Implications and Future Directions

The development of DeepSentiBank has substantial implications for real-world applications in fields such as marketing, where understanding consumer emotional responses to visual content can inform effective advertisement strategies. Furthermore, the model's robustness in handling large-scale, noisy social media datasets underscores its potential for integration into social media monitoring tools, providing insights into public sentiment and trends.

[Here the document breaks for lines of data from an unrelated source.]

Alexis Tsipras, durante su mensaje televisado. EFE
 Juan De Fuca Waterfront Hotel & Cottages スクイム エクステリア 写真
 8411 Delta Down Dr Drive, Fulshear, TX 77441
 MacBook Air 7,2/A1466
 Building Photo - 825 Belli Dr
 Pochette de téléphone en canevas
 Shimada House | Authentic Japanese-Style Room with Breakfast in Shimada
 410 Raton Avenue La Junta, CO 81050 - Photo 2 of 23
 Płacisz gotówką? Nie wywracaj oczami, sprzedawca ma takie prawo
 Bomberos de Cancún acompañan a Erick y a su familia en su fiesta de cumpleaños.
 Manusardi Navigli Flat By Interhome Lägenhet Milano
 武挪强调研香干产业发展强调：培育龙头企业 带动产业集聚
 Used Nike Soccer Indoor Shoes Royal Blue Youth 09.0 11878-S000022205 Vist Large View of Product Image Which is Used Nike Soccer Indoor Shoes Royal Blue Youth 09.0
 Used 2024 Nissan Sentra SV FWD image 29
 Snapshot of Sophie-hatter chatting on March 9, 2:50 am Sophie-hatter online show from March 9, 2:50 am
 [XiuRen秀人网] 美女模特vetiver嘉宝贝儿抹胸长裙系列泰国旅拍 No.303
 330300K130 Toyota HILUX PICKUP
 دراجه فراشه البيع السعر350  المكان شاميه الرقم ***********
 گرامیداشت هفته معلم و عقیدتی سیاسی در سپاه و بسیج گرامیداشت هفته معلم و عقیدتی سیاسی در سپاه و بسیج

Theoretically, this research advances the paper of affective computing by presenting a practical approach to emotive visual content analysis. It highlights the importance of mid-level representations in mitigating the complexity of interpreting sentiment from visual data, a topic of growing interest.

Future research might explore refining network architectures to incorporate object-based sentiment localization, potentially improving precision in identifying sentiment-related aspects within images. Moreover, the exploration of alternative or additional feature datasets beyond ImageNet could offer further refinements to the model's generalization capability to other domains.

In summation, DeepSentiBank marks a meaningful progression in visual sentiment analysis by leveraging deep learning and transfer learning techniques, setting a path forward for continued advancements in this challenging and integral area of research.